Sometimes we have to do what we just don’t want to do: Get out of bed; go to work; cook dinner; drive across town (in rush hour traffic); spend time with the kids after working hard all day; or being friends with someone you’d rather not be bothered with. We sometimes have to do what we don’t want to do because we have been given a divine mandate to stick and stay. We have to keep fighting and we don’t have the option of giving up or walking away. Our lot is clear and no amount of murmuring and complaining will change the fact that sometimes we have to do what we just don’t want to do. Murmuring and complaining about our duties, especially when they’re divinely given, speak loudly to the distrust we have in God to help us endure or even enjoy what we have been given to do. I know I have a hard time fathoming enjoyment when I really feel tortured, but too many times God has shown me the good that comes from enduring a tough situation for me not to try to have a pleasant attitude about something I simply hate.

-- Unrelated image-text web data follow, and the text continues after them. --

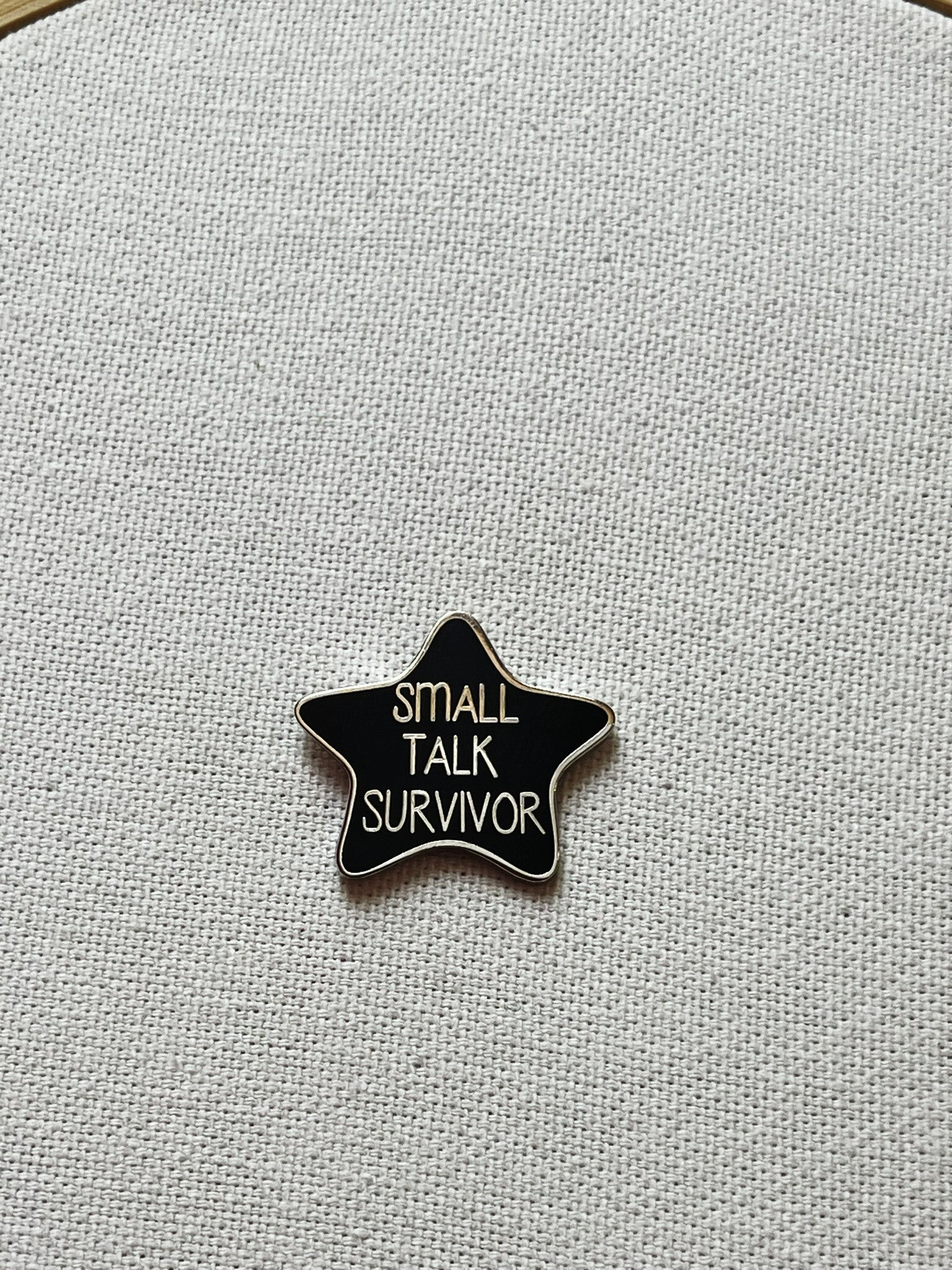 Stern Small Talk Survivor Metall Emaille Pin Anstecker Sternchen Spruch Anstecknadel Tasche Rucksack Abzeichen Accessoire Stern Small Talk Survivor Metall Emaille Pin Anstecker Sternchen Spruch Anstecknadel Tasche Rucksack Abzeichen Accessoire von CosyIslandLiving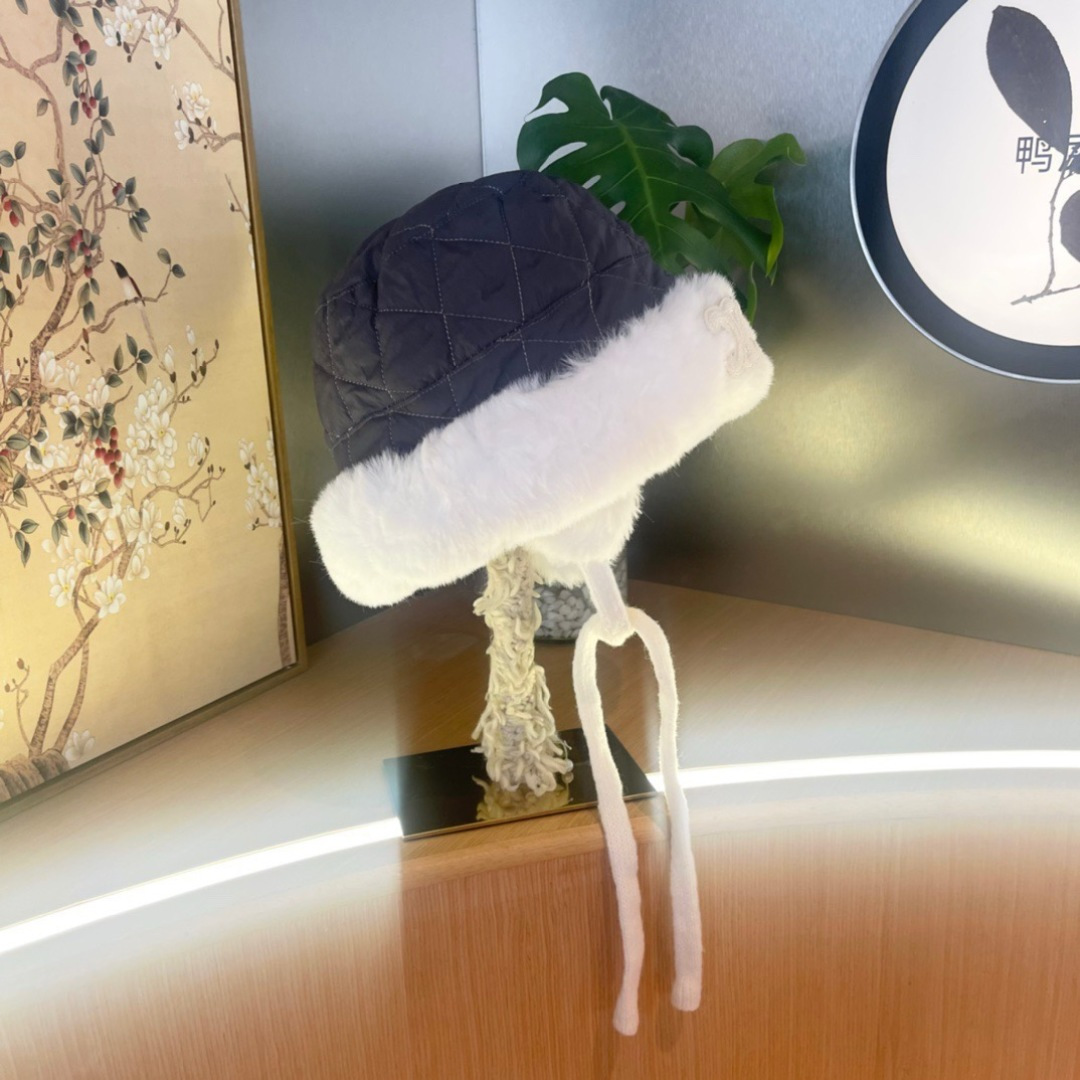 赛琳cellne 秋冬新款雷锋帽女冬季时尚保暖加绒防寒骑车护耳帽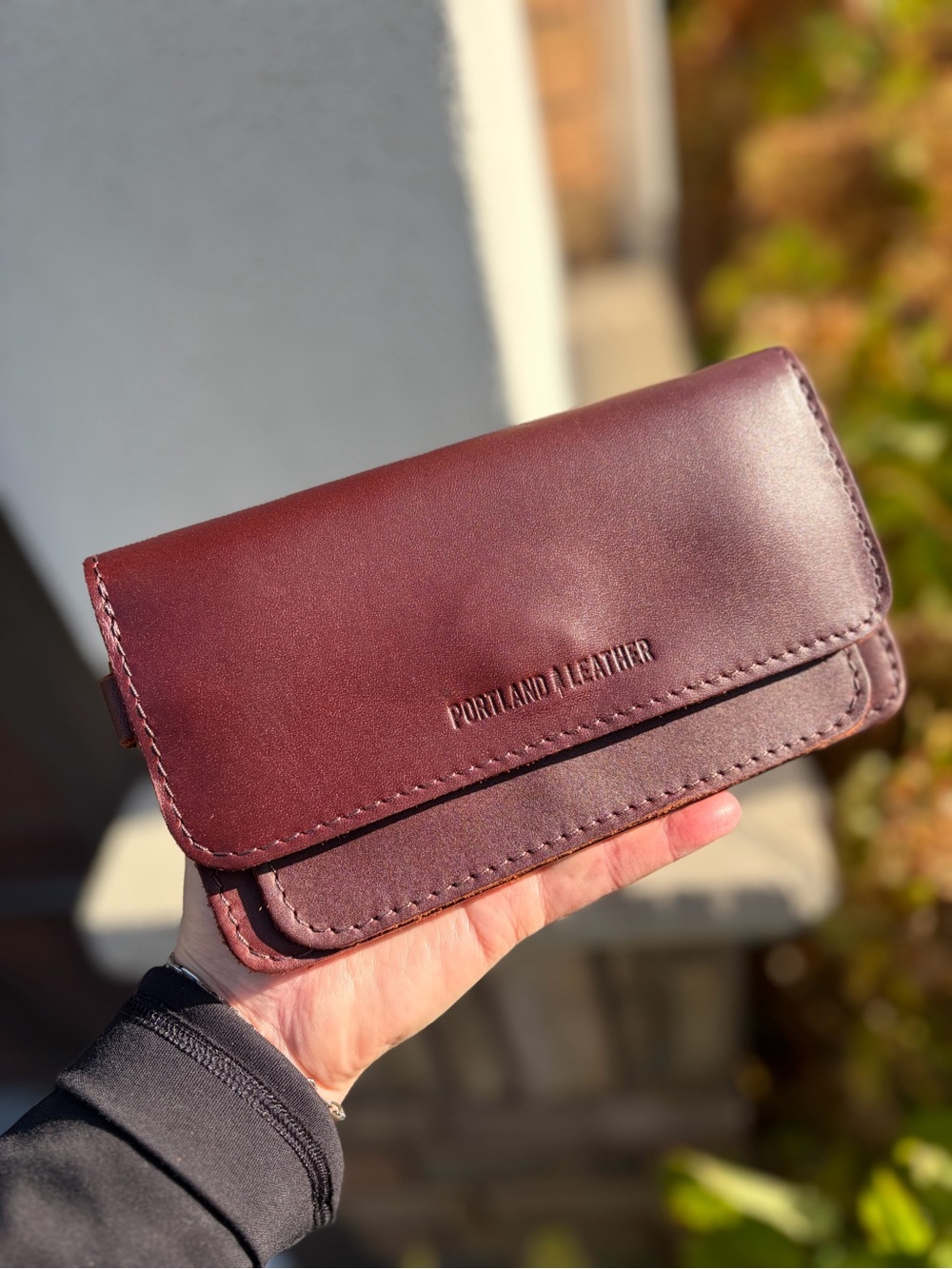 EUC Portland Leather Goods Lily Wristlet wallet in Cognac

Some years ago when I had to be friends with someone who was so opposite of me God told me that she was like ‘a pretty pair of new shoes, lovely on the outside but your feet hurt when you put them on.’ Even though this friendship on the surface was one that I thought was just lovely, as we began to go deeper in our relationship, I wanted to take off. Just like kicking off shoes that make your feet hurt, I wanted to end my friendship so I could get some relief from the suspicion and overall insecurity that plagued our relationship. But like breaking in a new pair of shoes, I had to continue “wearing” this friendship until it became comfortable. I couldn’t just expect the friendship to immediately be like my old comfy pair; I had to do some hard walking to break the relationship in. I had to have the hard talks, take the tough words, and work through the rough patches. This is our charge whatever the situation or relationship. When we have a divine mandate, we have to travel the tough terrain knowing that’s the only way change for the better will occur. We can’t be afraid to step on rocks or let our relationship shoes get wet. God will protect our ordered steps. He is the orchestrator of all things divine, and He knows what we need and what it takes to get us there. Sometimes we have to put on some hurting shoes to help us make the journey, and we and the “shoes” will be the better for the wearing.